Updated: April 19, 2023 |
Register with the cache-coherency library
#include <sys/cache.h> int cache_init(int flags, struct cache_ctrl *cinfo, const char *dllname);
The cache_init() function initializes the cache coherency library (libcache). Your driver must call cache_init() before using the library.
Members of the cache_ctrl structure
The cache_ctrl structure includes at least the following members:
Don't reference or modify the other fields in the structure.
Cache coherency
Device drivers for hardware that performs Direct Memory Access (DMA) use this cache coherency library. These devices are either bus-mastering devices that can directly read or modify memory, or devices that use a DMA controller to transfer data between the device and memory. The key factor is that memory may be accessed by an agent other than the CPU(s).
On some systems, cache coherency is performed by a bus-snooping protocol that is implemented in hardware.
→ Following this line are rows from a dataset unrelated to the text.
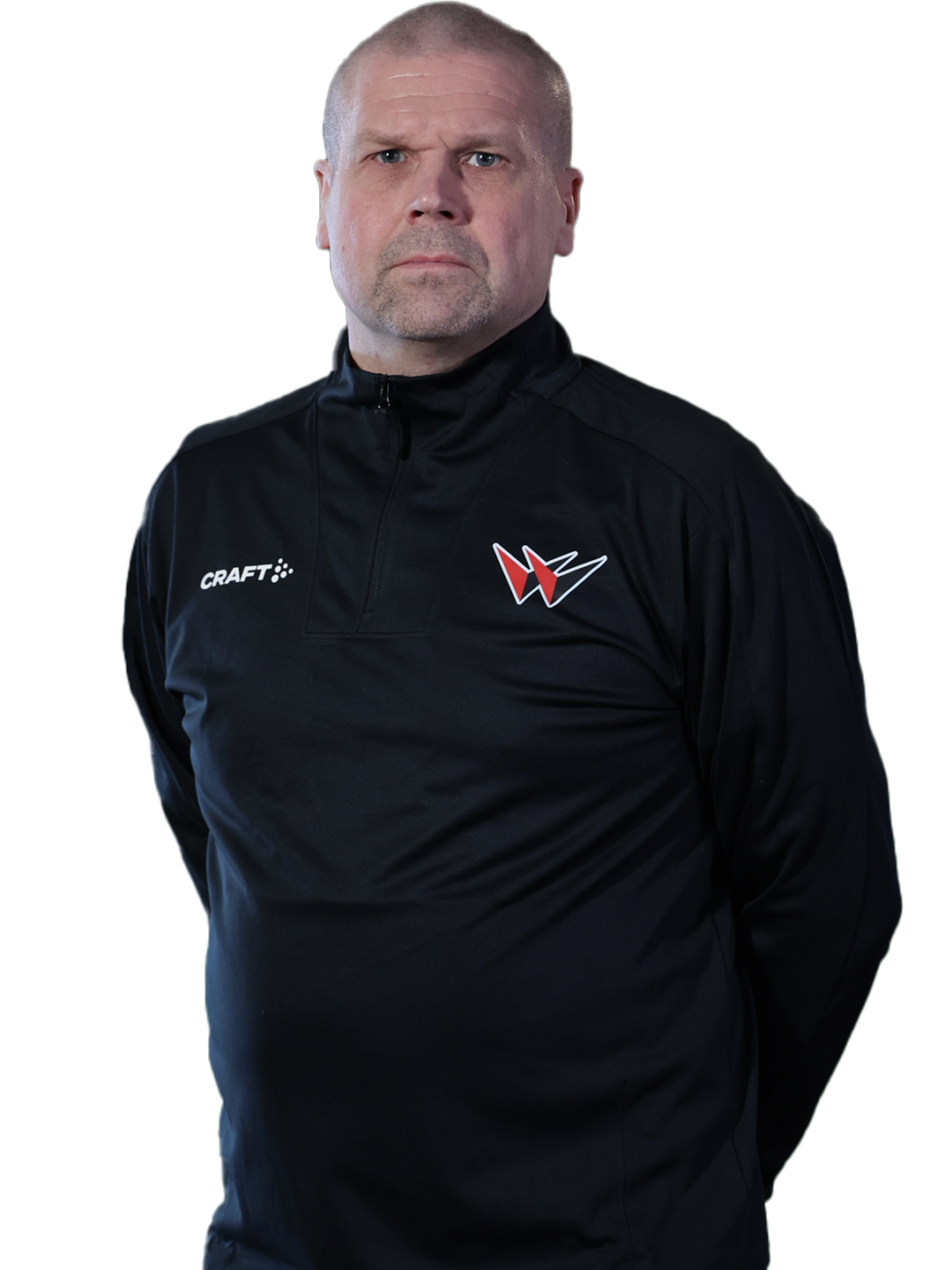 Tomi Romppanen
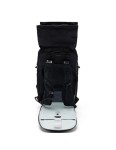 Plecak fotograficzny Outdoor Peak Design Backpack 45L Czarny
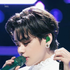 Avatar for Mirae_Mi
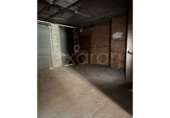 Local comercial en venta con 400m² en Lérida, Carrer Saturn foto
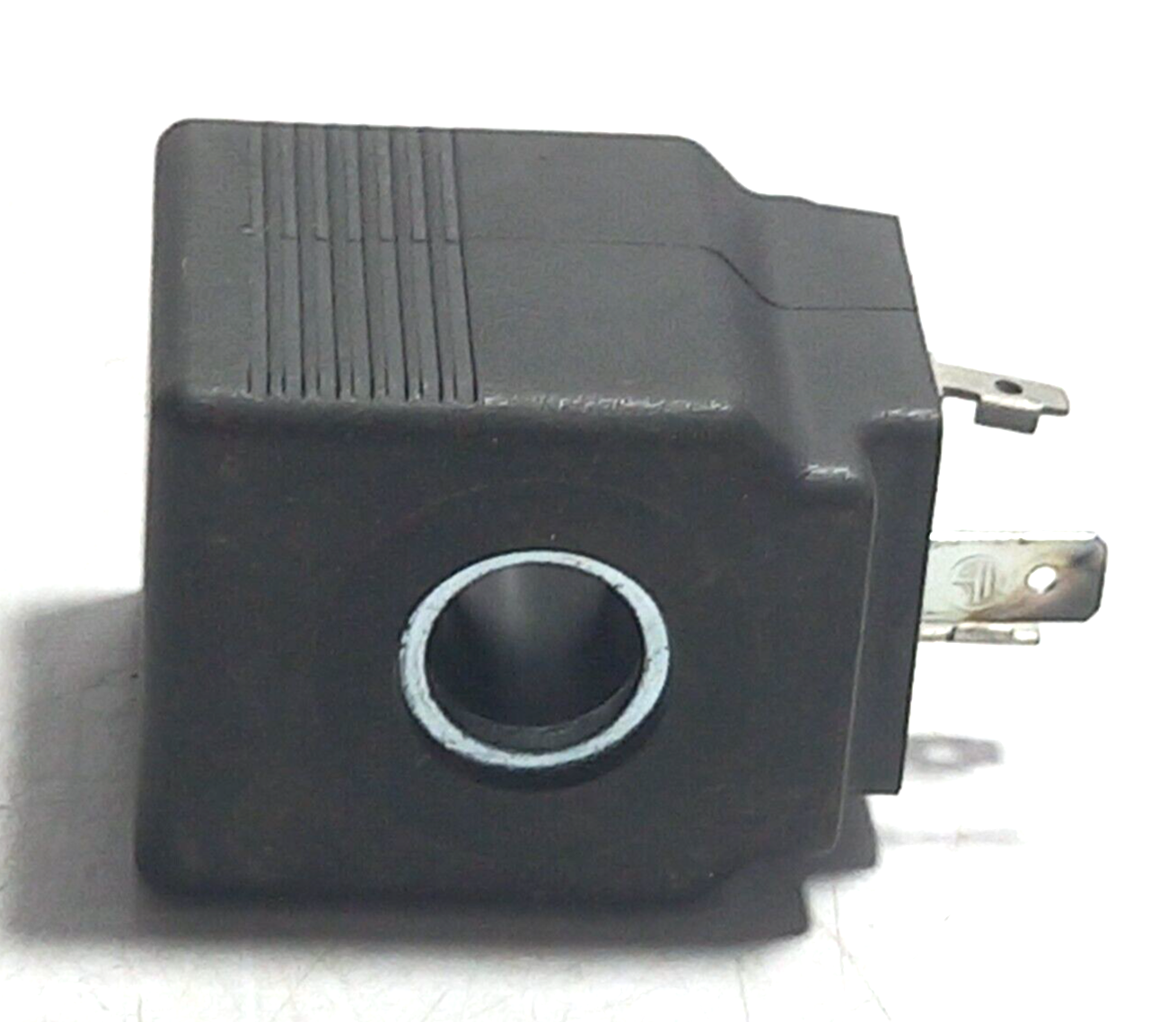 ACL E114XV25/3/52E Coil 0-35 Bar 52E 220V50Hz 230V50/60Hz 30VA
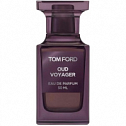 Oud Voyager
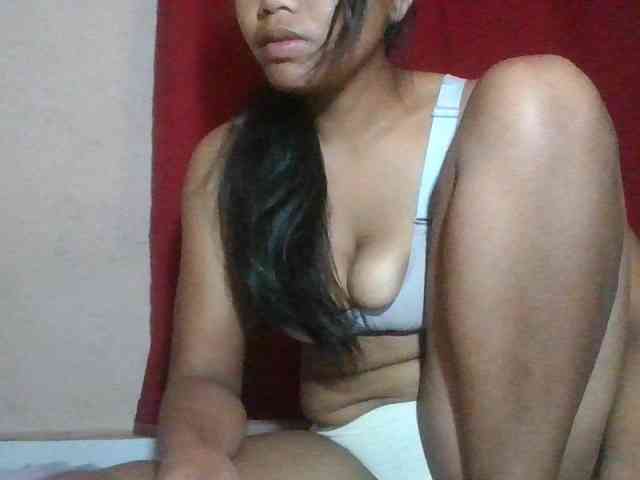Keziah34 webcam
In such systems, the CPU(s) snoop all transactions on the memory bus and automatically keep their caches in sync with the memory.
For example, if an external agent modifies data at a given memory location, the CPU will observe the memory write cycle, and if it has a cached copy of the data at that memory location, it will invalidate the corresponding cache entry. The next time the CPU tries to examine the memory location, it will fetch the modified data from memory, instead of retrieving stale data from the cache.
Similarly, special action is taken if an external agent attempts to read a memory location, and a CPU has modified the memory location, but the modified copy of the data is in its cache, and hasn't yet been written to memory. In this case, the read cycle is suspended while the CPU copies the updated version of the data out to memory. Once memory has been updated with the modified version, the read cycle can continue, and the external agent gets the updated copy of the data.
On other systems, where there is no such snooping protocol implemented in hardware, cache coherency between the CPU and external devices must be maintained by driver software. These are typically single-CPU systems, since on SMP systems, bus-snooping is the usual mechanism of keeping the CPUs in sync with each other. To work on these systems, special action needs to be taken by driver software, to ensure data coherency between the CPU and external devices.
A driver ensures data coherency for systems that don't have a bus-snooping protocol in different ways. The first one is the big hammer approach that simply disables caching for any memory location that can be accessed by both the CPU and the external device. This approach, however, has a severe performance penalty; for some network devices on certain systems, the throughput reduces to roughly half of the original value.
You can solve the above throughput problem by using cacheable data buffers, but perform synchronization operations on the data buffers at strategic points in the driver. For example, in the case of packet transmission for a network device, the driver must ensure that any data pertaining to the packet had been flushed out to memory, before allowing the DMA agent to begin copying the data. In the case of packet reception, the driver should invalidate any cached data pertaining to the packet buffer, before letting the DMA agent transfer data into the receive buffer. This eliminates the possibility that the CPU could write a cached portion of the data out to the memory buffer, after the network device had updated the buffer with new packet data.
The driver can perform cache flushing and invalidation operations in one of two ways. It can issue special CPU-dependent instructions that operate on the cache, or it can use the cache-coherency library (libcache). The latter approach is preferable, since it makes your driver portable. The library performs the correct thing based on the type of CPU it's running on. For maximum portability, the library must be used whether the system has a bus-snooping protocol or not. If the system implements a bus-snooping protocol, the library determines this, and ensures that there are no unnecessary synchronization operations being performed.
Safety: | |
---|---|
Cancellation point | Yes |
Interrupt handler | No |
Signal handler | Yes |
Thread | Yes |
The cache-invalidation operation could have certain negative side effects, which the driver must take measures to avoid. If a data buffer partially shares a cache line with some other piece of data (including another data buffer), data corruption could occur. Since the invalidation is performed with cache-line granularity, invalidating data at the start or end of the buffer could potentially invalidate important data, such as program variables, which means that changes made to the data by the CPU could be inadvertently lost.
You can avoid this by padding the data buffers. The driver should pad the start of the buffer, so that it starts on the next cache line boundary. It should also pad the buffer out to the end of the last cache line of the buffer. To do this, the driver can use the cache_line_size field of the cache_ctrl structure. Note that this value could be zero (e.g., if there is a cache-coherency protocol implemented in hardware), in which case the driver doesn't need to do any padding.